- **WORK TO BE COMPLETED**:
What you return must match the records below character for character, except that no picture appears.

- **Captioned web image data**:

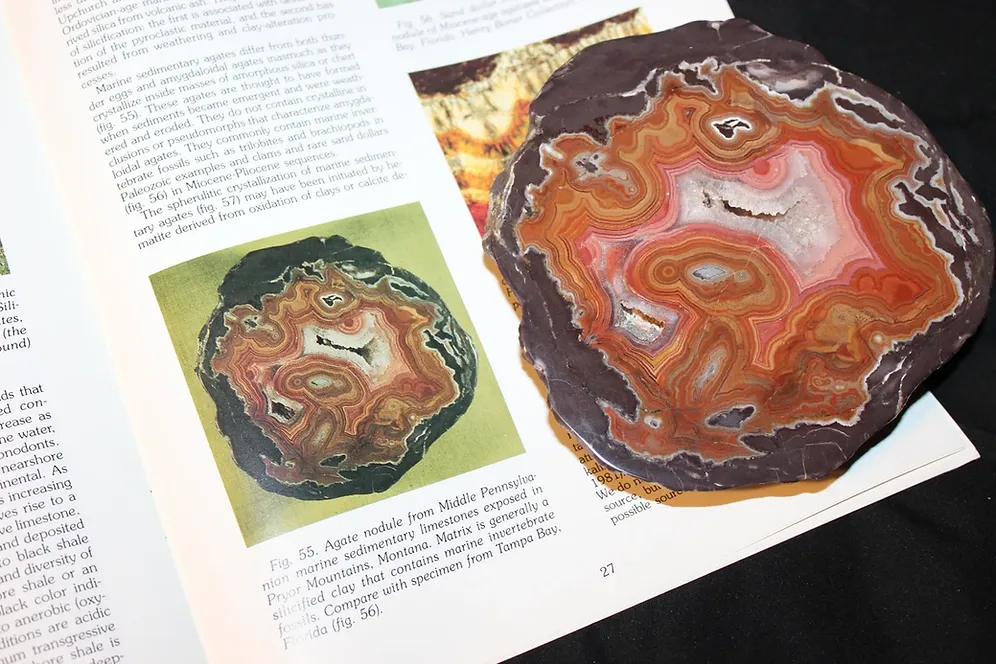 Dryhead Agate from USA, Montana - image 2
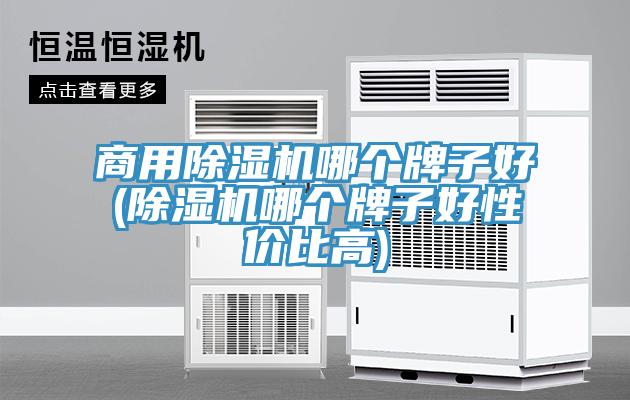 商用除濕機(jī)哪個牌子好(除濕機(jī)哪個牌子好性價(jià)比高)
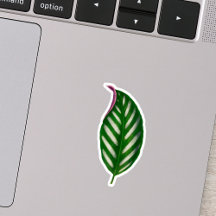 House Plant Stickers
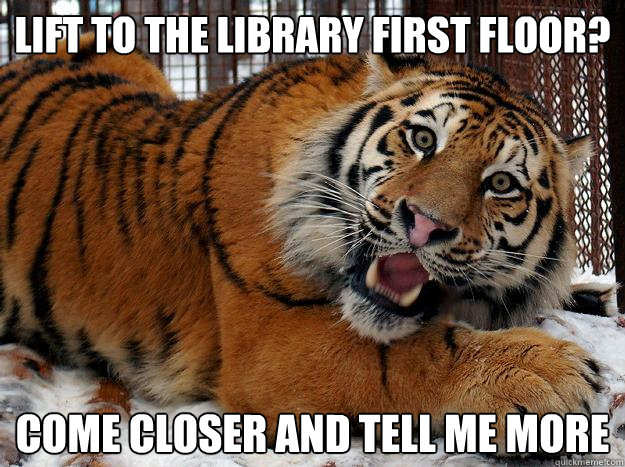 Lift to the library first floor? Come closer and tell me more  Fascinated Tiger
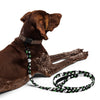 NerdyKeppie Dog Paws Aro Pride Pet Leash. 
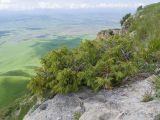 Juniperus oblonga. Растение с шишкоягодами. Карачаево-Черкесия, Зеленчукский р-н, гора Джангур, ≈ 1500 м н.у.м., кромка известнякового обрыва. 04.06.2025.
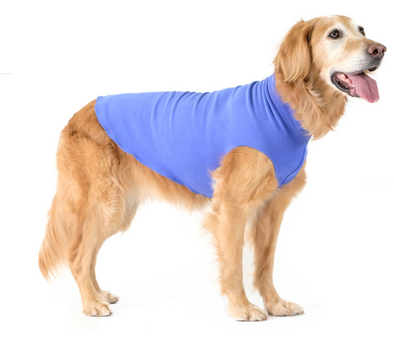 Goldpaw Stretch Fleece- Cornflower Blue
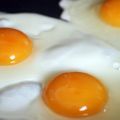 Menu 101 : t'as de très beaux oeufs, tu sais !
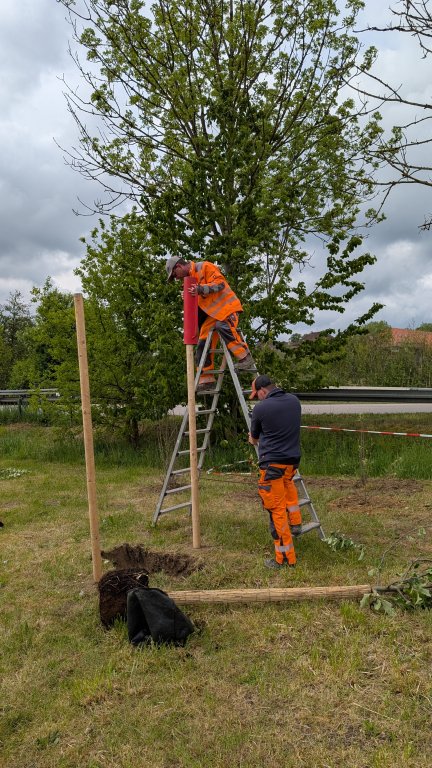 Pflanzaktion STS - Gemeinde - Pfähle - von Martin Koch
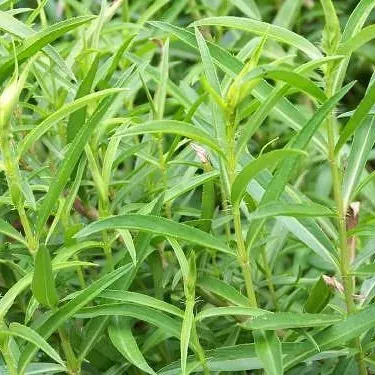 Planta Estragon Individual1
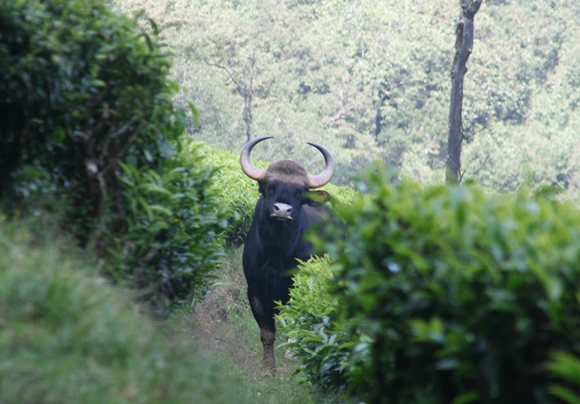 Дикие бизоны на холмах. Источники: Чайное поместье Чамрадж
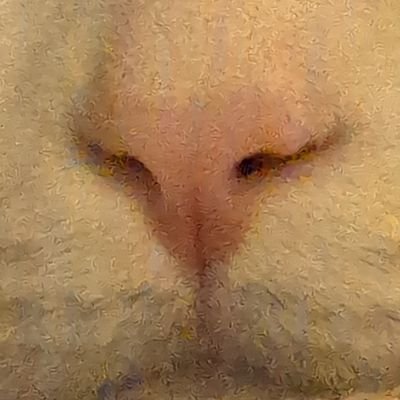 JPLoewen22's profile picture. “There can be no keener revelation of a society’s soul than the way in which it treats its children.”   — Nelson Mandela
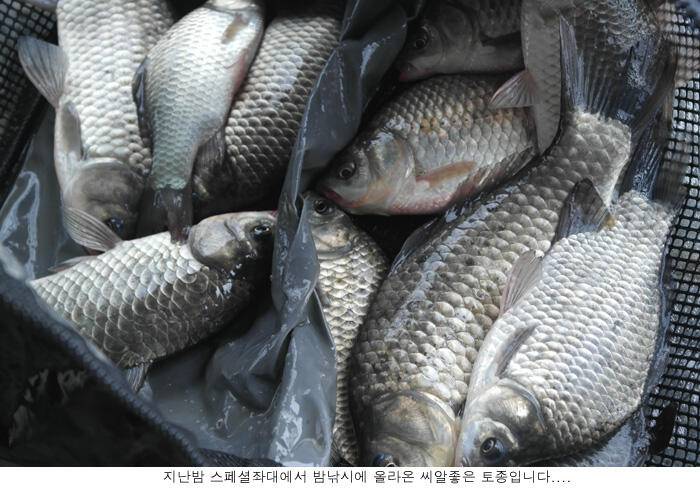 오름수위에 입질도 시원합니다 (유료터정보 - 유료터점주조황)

- **ANSWER**:
 Dryhead Agate from USA, Montana - image 2
 商用除濕機(jī)哪個牌子好(除濕機(jī)哪個牌子好性價(jià)比高)
 House Plant Stickers
 Lift to the library first floor? Come closer and tell me more  Fascinated Tiger
 NerdyKeppie Dog Paws Aro Pride Pet Leash. 
 Juniperus oblonga. Растение с шишкоягодами. Карачаево-Черкесия, Зеленчукский р-н, гора Джангур, ≈ 1500 м н.у.м., кромка известнякового обрыва. 04.06.2025.
 Goldpaw Stretch Fleece- Cornflower Blue
 Menu 101 : t'as de très beaux oeufs, tu sais !
 Pflanzaktion STS - Gemeinde - Pfähle - von Martin Koch
 Planta Estragon Individual1
 Дикие бизоны на холмах. Источники: Чайное поместье Чамрадж
 JPLoewen22's profile picture. “There can be no keener revelation of a society’s soul than the way in which it treats its children.”   — Nelson Mandela
 오름수위에 입질도 시원합니다 (유료터정보 - 유료터점주조황)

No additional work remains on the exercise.